-- DATASET EXTRACT follows --

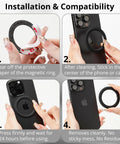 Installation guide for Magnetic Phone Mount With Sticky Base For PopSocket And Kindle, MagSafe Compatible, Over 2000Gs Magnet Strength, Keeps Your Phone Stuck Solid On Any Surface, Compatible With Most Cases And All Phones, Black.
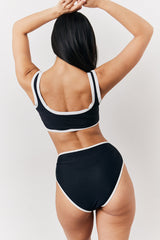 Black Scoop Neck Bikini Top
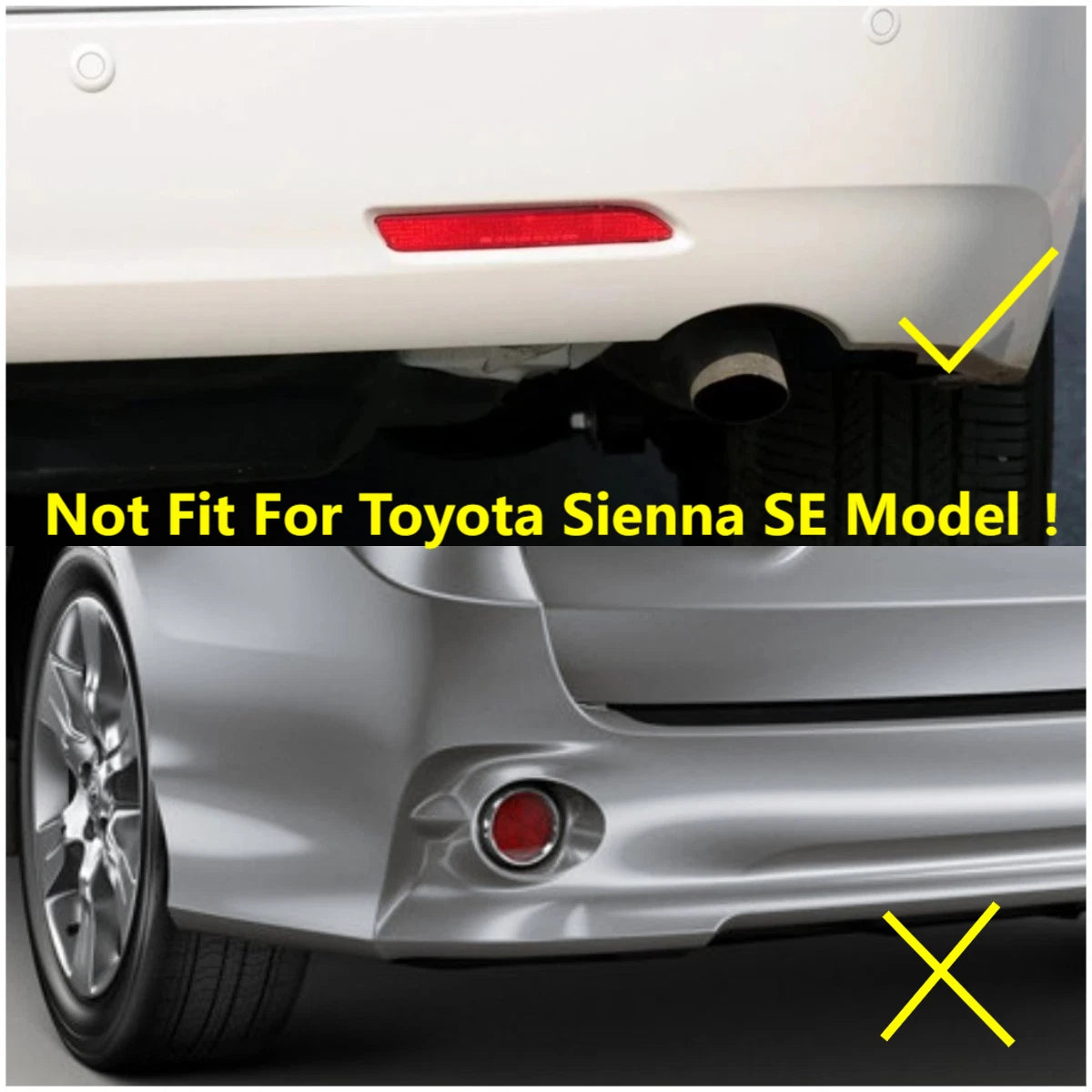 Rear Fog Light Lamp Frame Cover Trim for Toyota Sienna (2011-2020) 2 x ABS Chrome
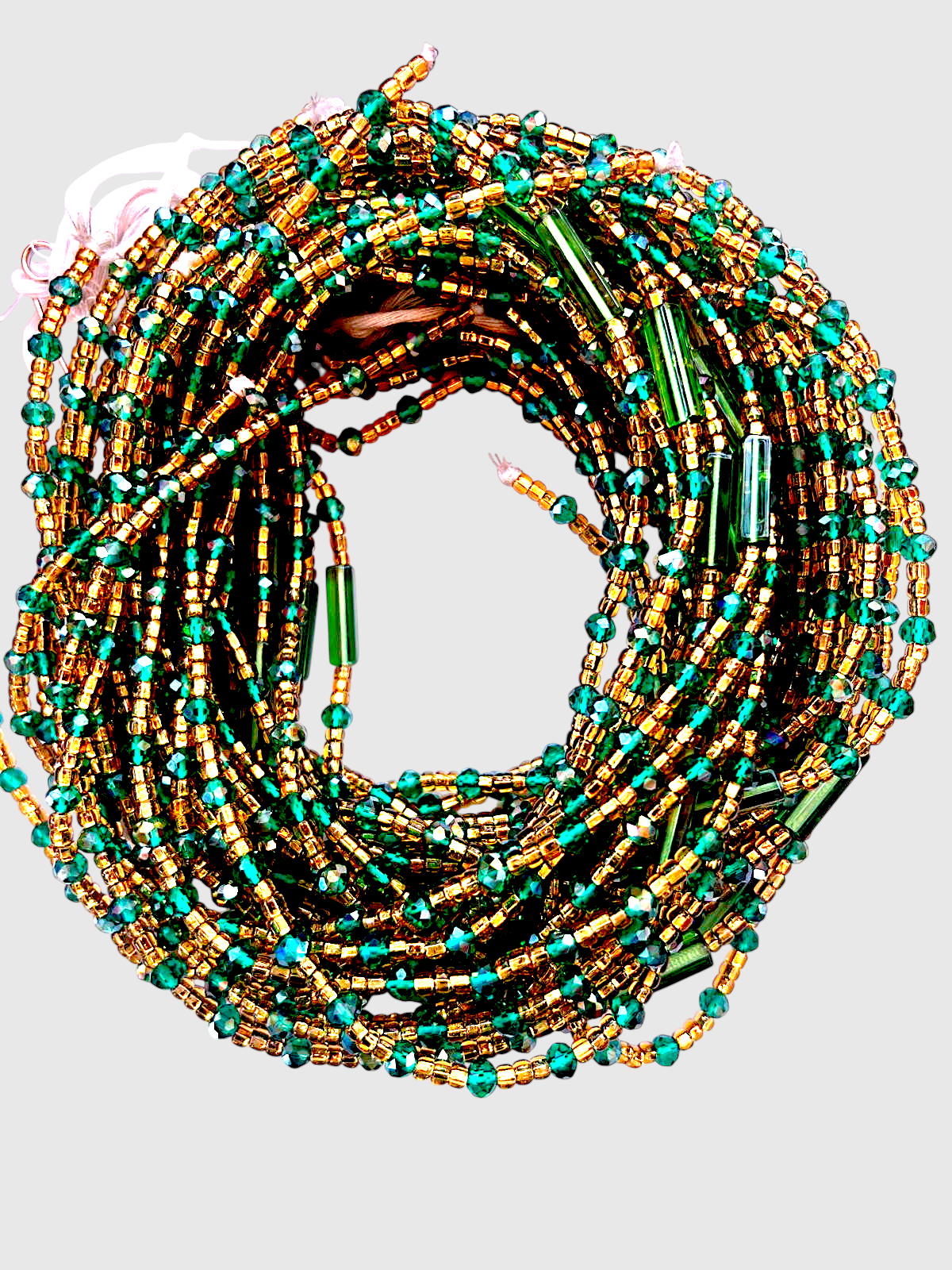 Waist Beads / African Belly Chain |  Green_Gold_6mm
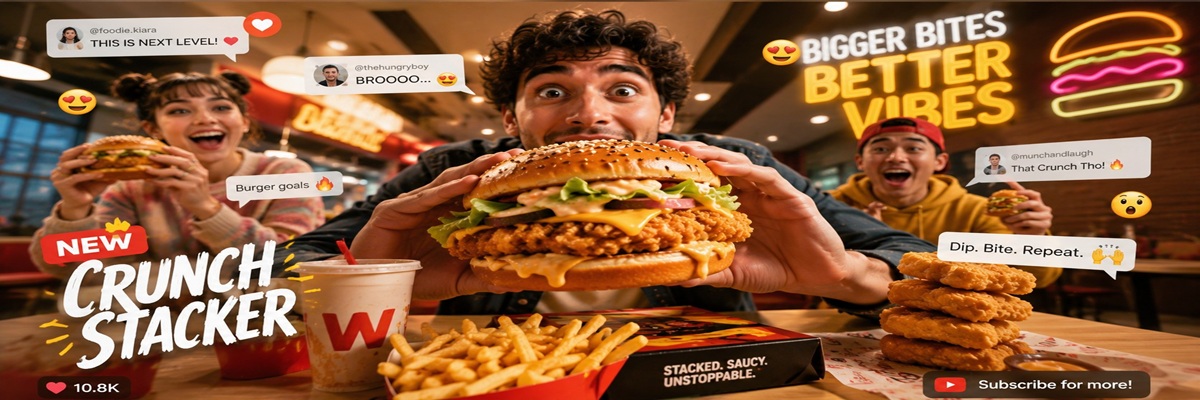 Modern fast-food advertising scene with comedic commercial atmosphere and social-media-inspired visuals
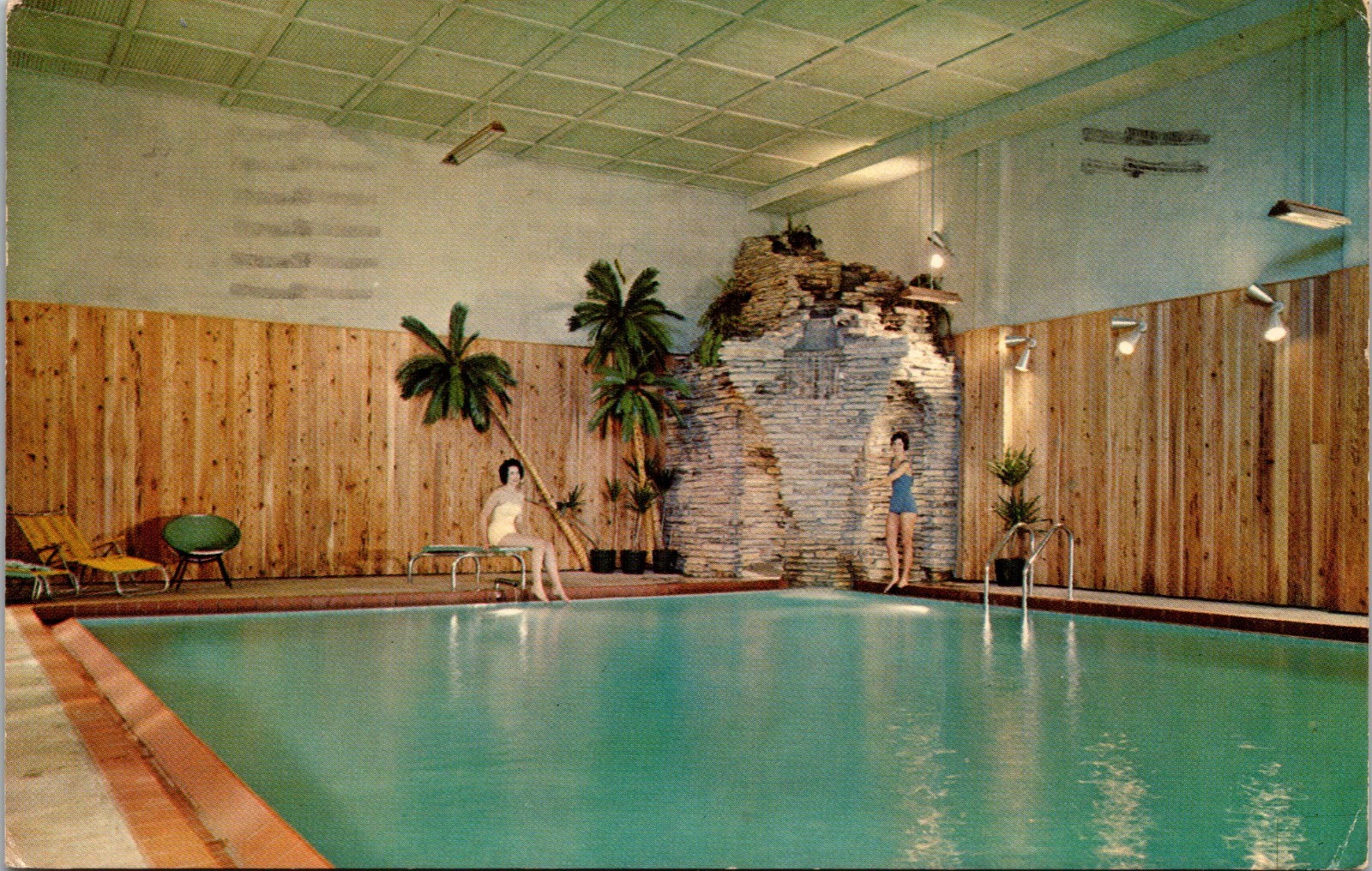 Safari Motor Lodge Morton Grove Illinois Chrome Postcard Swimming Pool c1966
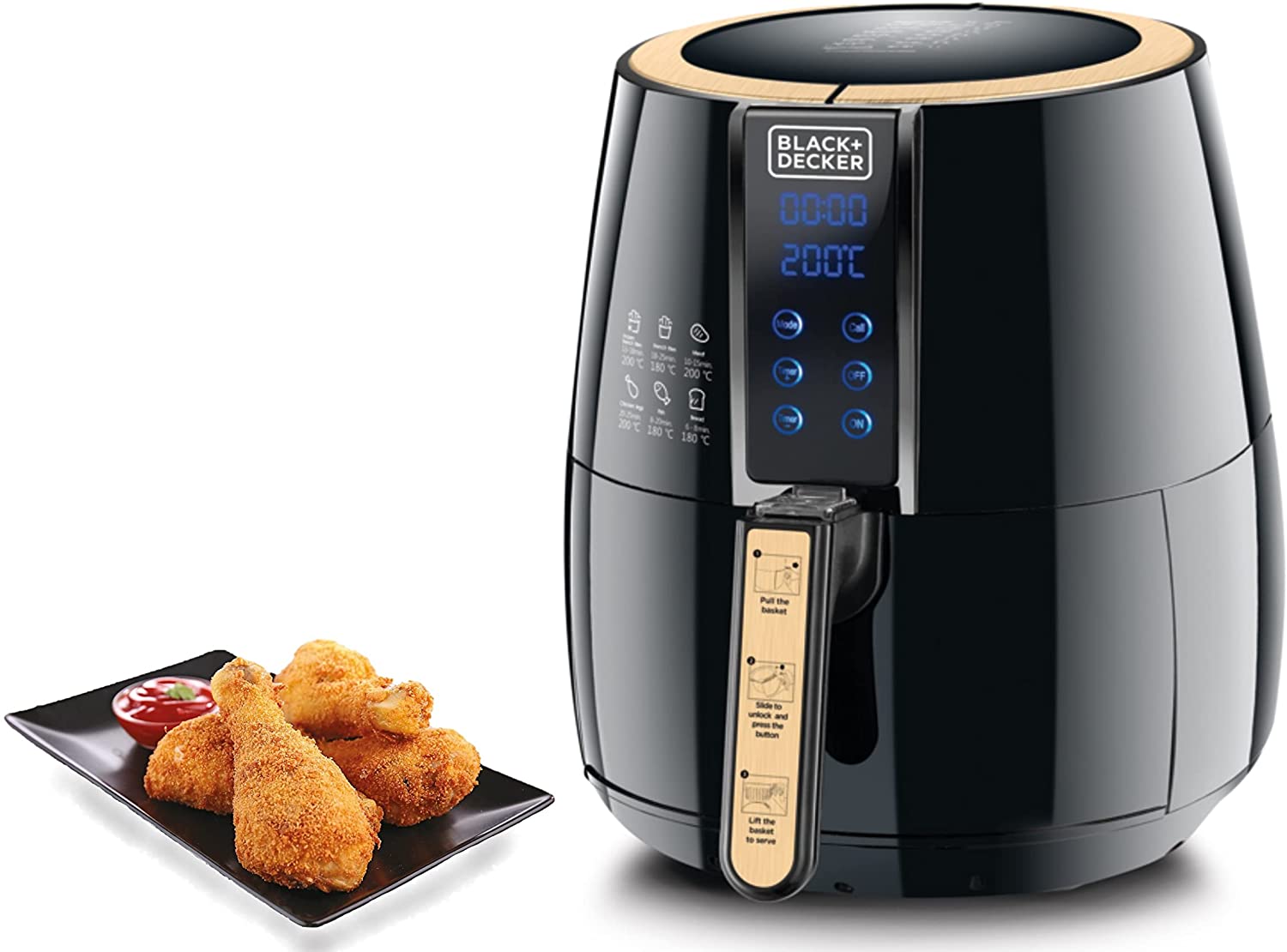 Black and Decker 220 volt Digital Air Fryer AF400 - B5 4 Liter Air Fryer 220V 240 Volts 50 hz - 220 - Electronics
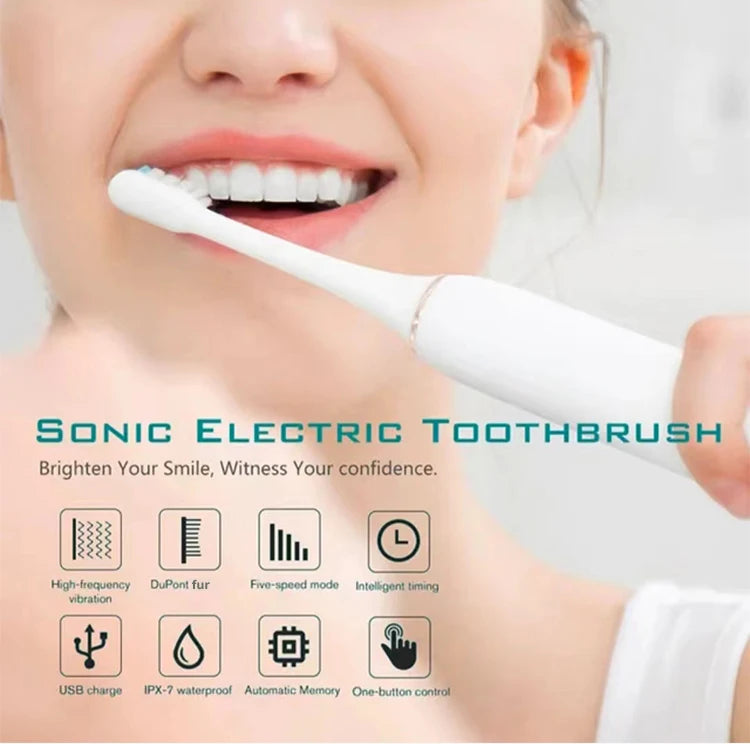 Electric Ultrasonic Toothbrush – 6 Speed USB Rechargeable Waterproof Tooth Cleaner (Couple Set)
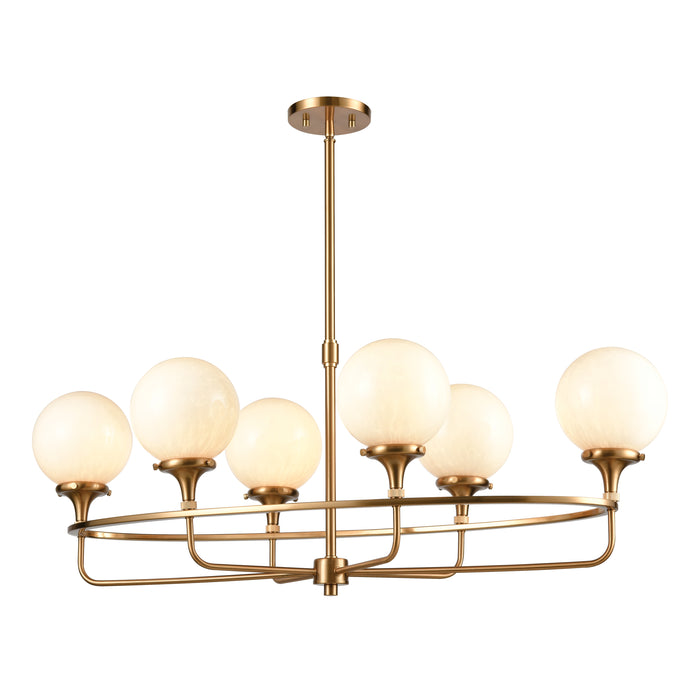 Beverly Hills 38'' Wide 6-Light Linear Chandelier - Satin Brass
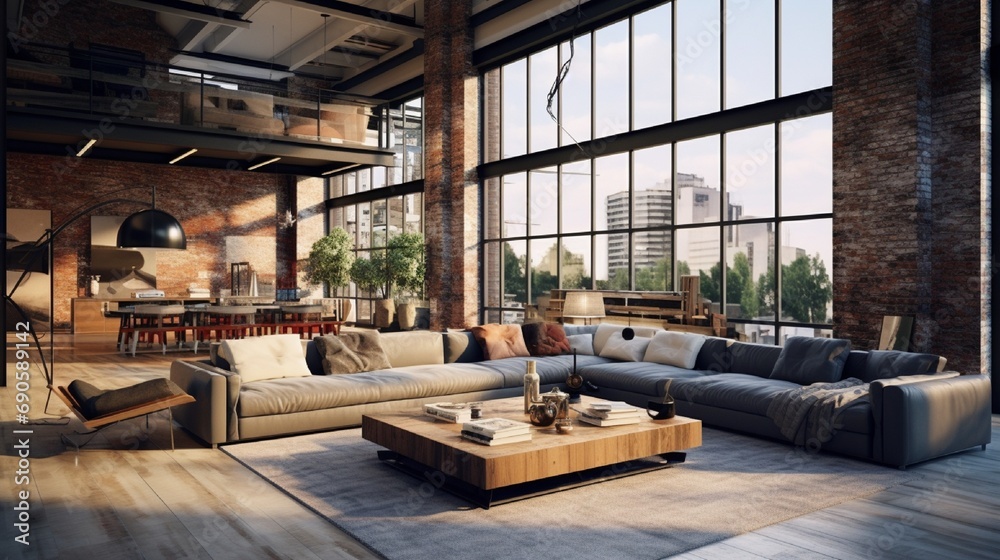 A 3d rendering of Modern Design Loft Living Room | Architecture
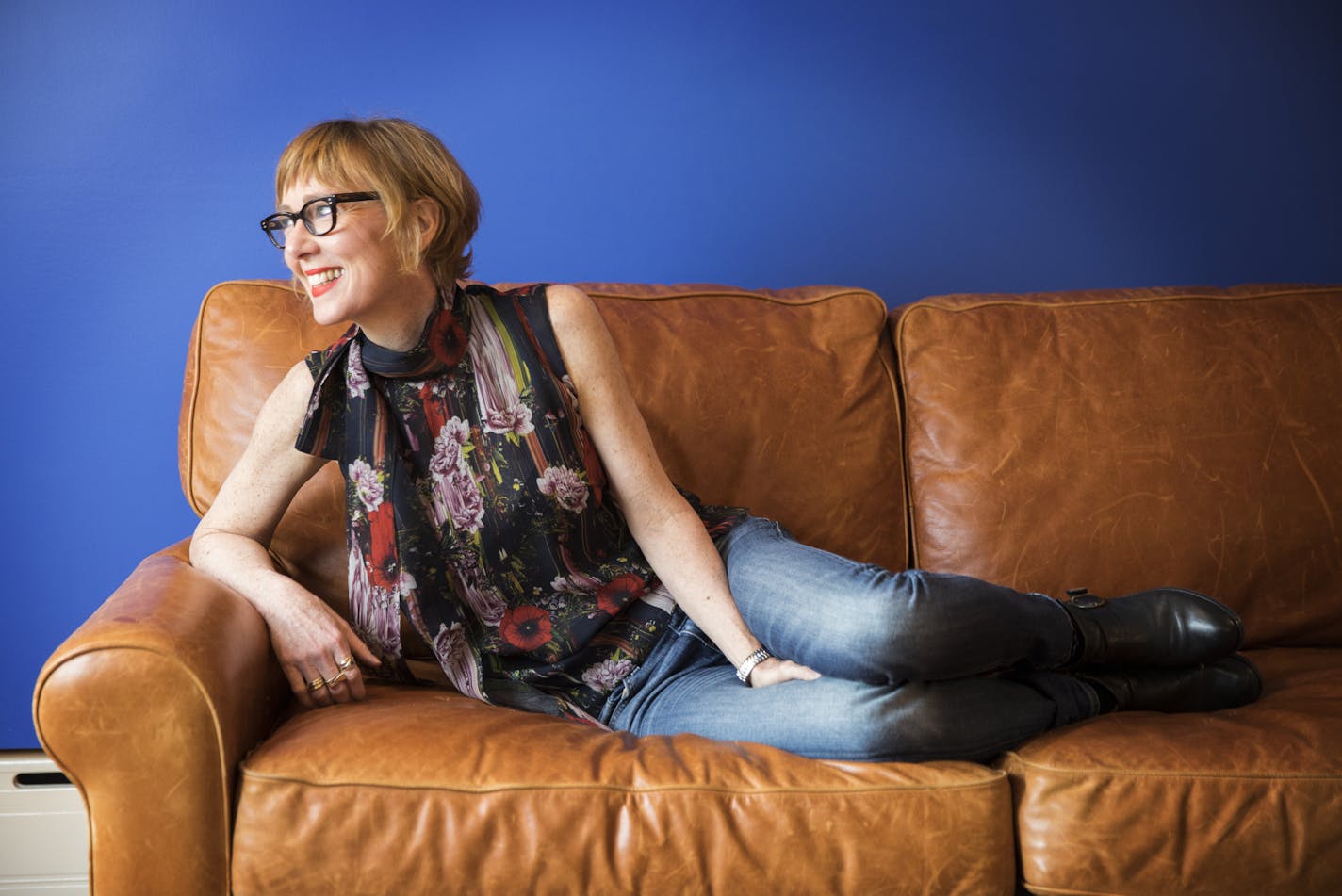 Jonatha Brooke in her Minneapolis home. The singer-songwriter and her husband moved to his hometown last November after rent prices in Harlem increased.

-- DATASET EXTRACT concluded --

> _PROBLEM REQUIREMENTS_
Set down exactly the lines between the line containing "Beverly Hills 38''" and the end of the records above, both ends included; pictures stay out.

> _PROBLEM SOLUTION_
 Beverly Hills 38'' Wide 6-Light Linear Chandelier - Satin Brass
 A 3d rendering of Modern Design Loft Living Room | Architecture
 Jonatha Brooke in her Minneapolis home. The singer-songwriter and her husband moved to his hometown last November after rent prices in Harlem increased.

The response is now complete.